■ **Data supplied**
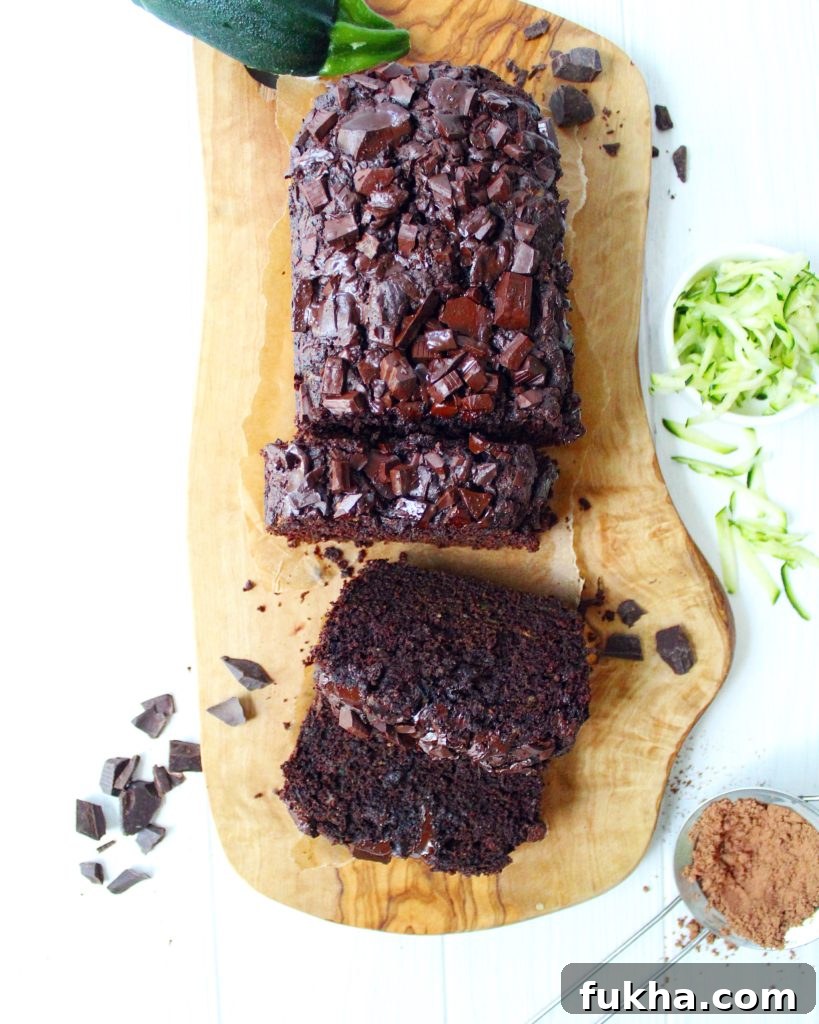 Whole Wheat Double Chocolate Zucchini Bread 5 Whole Wheat Double Chocolate Zucchini Bread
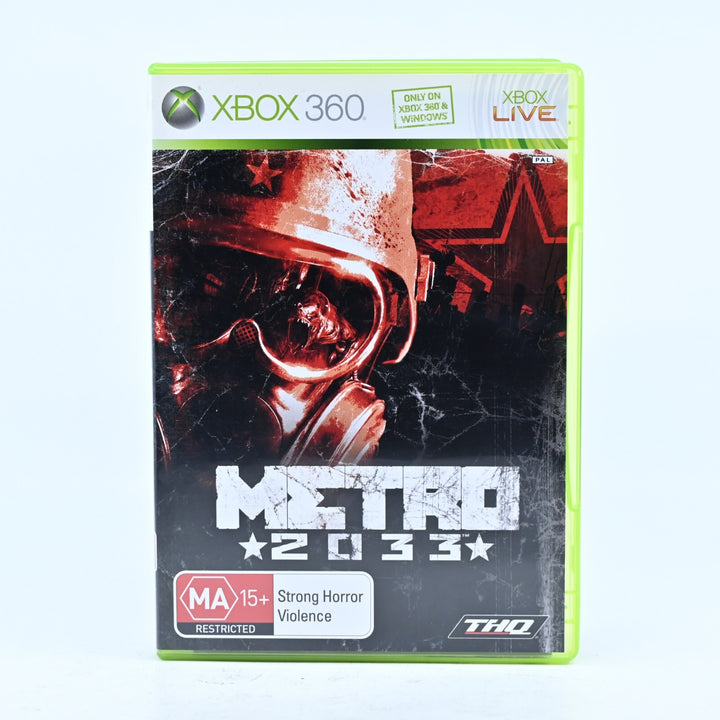 Metro 2033 - Xbox 360 Game + Manual - PAL - MINT DISC!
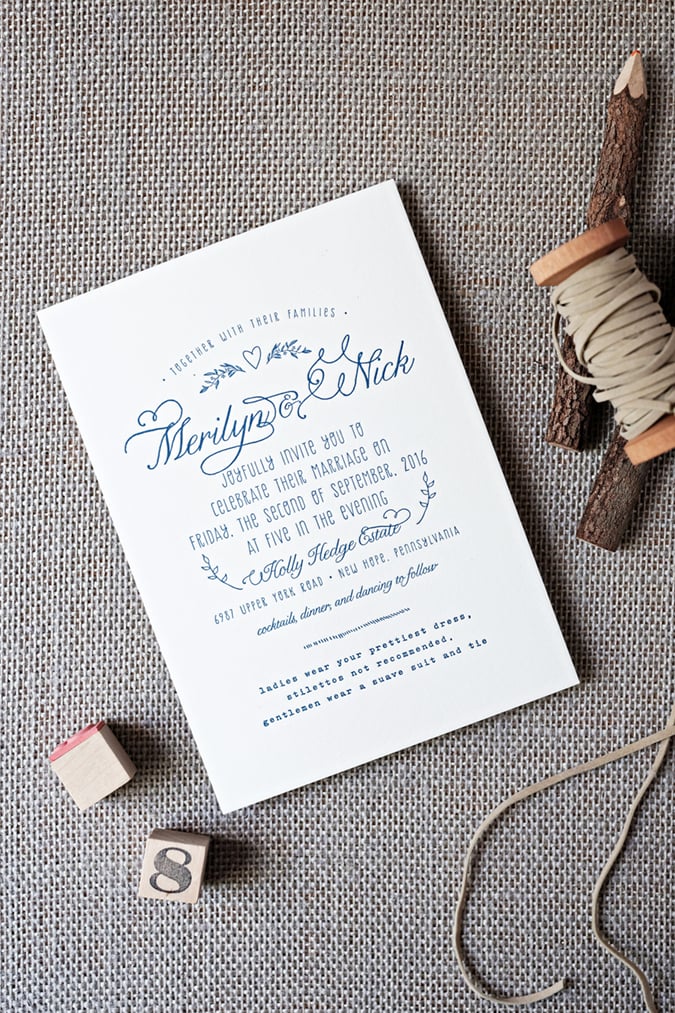 loveleigh-invitations-custom-letterpress-rustic-linen-navy-linen-bilingual-custom-map-wedding-invitation-suite-2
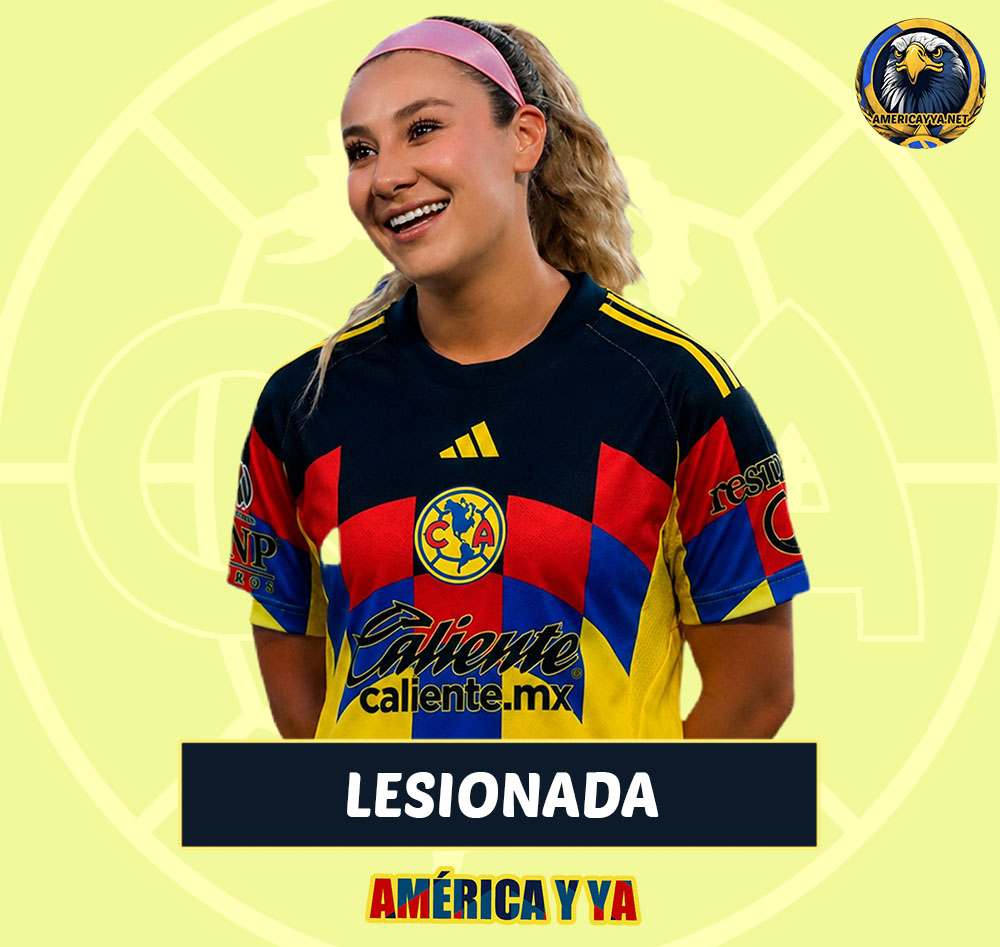 Apenas llegó al América y una lesión la deja fuera por todo el torneo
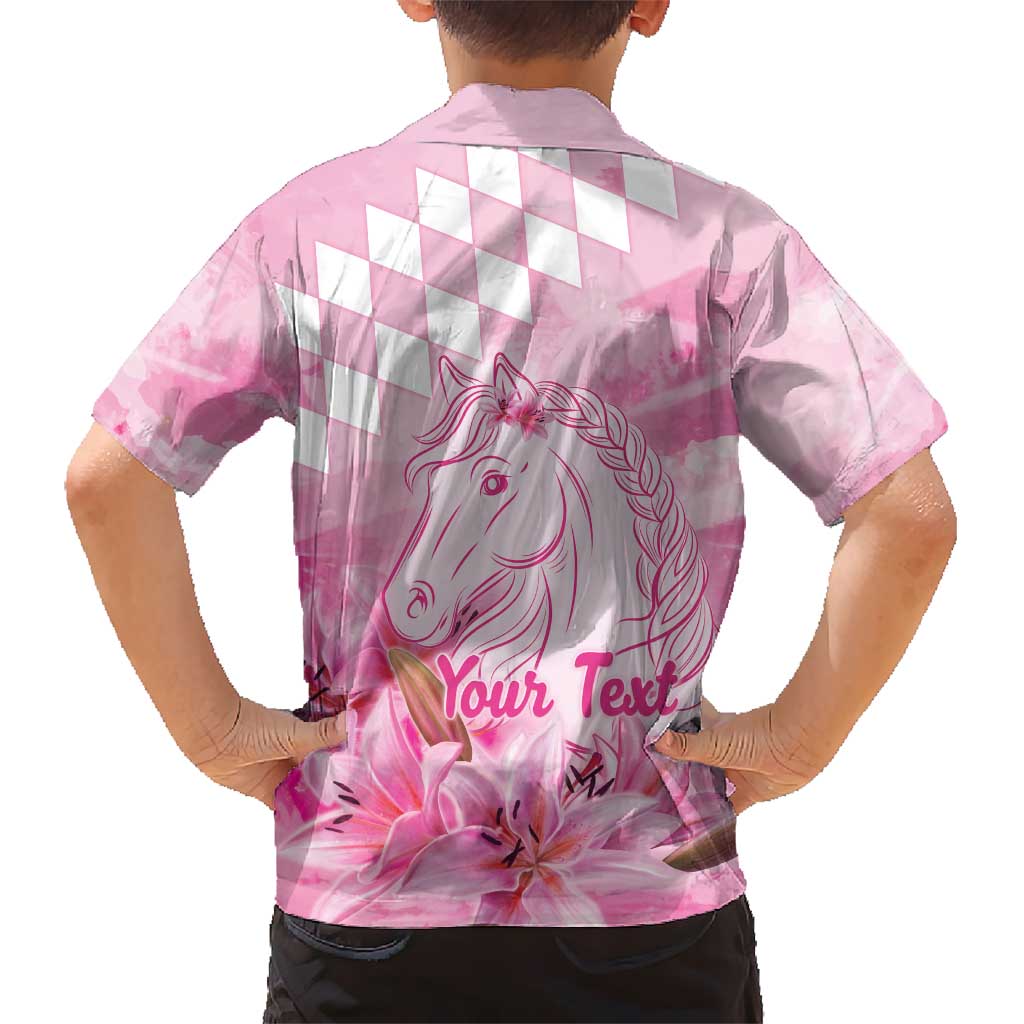 Kentucky Horse Racing Oaks Personalized Hawaiian Shirt Filly Lily Flowers Pink Out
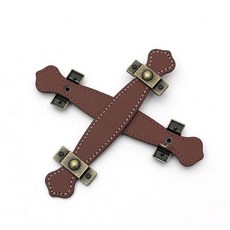 가죽 가구손잡이 서랍손잡이 교체 손잡이 2세트 96mm 클래식 브라운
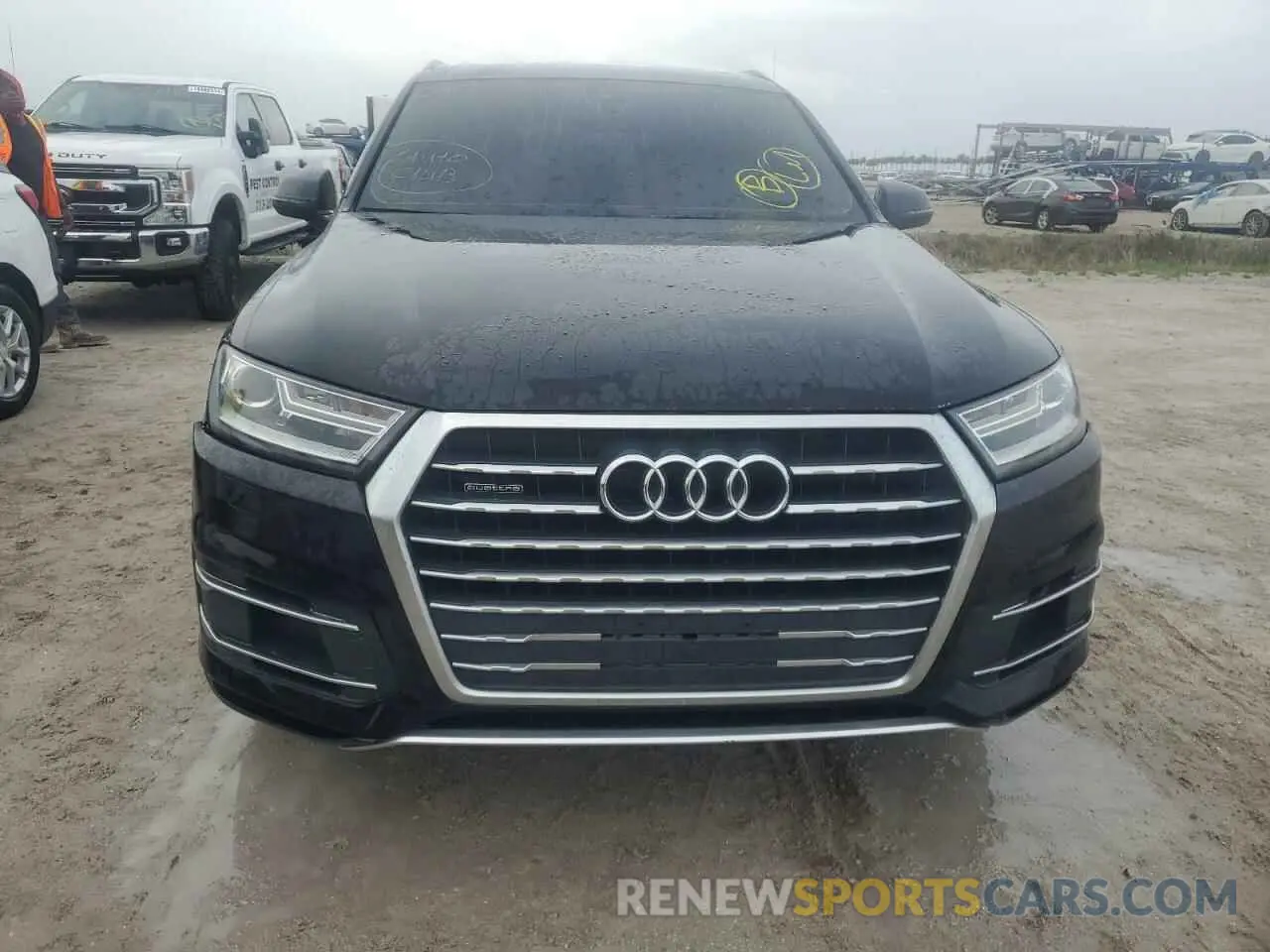 5 fotografías del automóvil dañado WA1AHAF73KD016108 AUDI Q7 2019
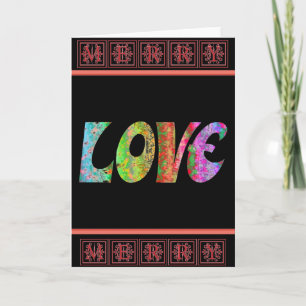 Festividades Cartão de Saudação de Amor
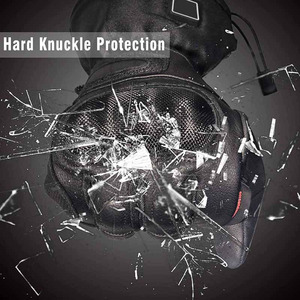 Gants de course et de cyclisme imperméables en cuir avec doublure polaire thermique antidérapante personnalisée pour l'hiver, pour une utilisation en extérieur - Product Image 5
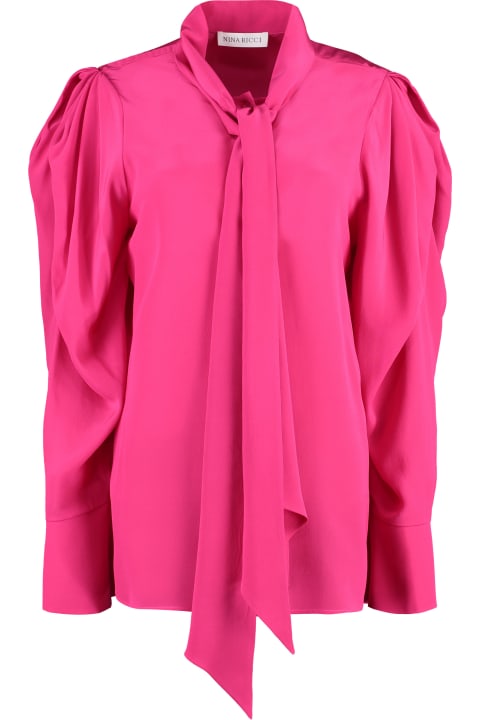 Fashion for Women Nina Ricci Crêpe-silk Shirt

■ **Exercise**
Beginning with the line that contains "Kentucky Horse Racing" and ending with the final line of the material, reproduce those lines exactly and nothing else. Omit the pictures.

■ **Solution below**
 Kentucky Horse Racing Oaks Personalized Hawaiian Shirt Filly Lily Flowers Pink Out
 가죽 가구손잡이 서랍손잡이 교체 손잡이 2세트 96mm 클래식 브라운
 5 fotografías del automóvil dañado WA1AHAF73KD016108 AUDI Q7 2019
 Festividades Cartão de Saudação de Amor
 Gants de course et de cyclisme imperméables en cuir avec doublure polaire thermique antidérapante personnalisée pour l'hiver, pour une utilisation en extérieur - Product Image 5
 Fashion for Women Nina Ricci Crêpe-silk Shirt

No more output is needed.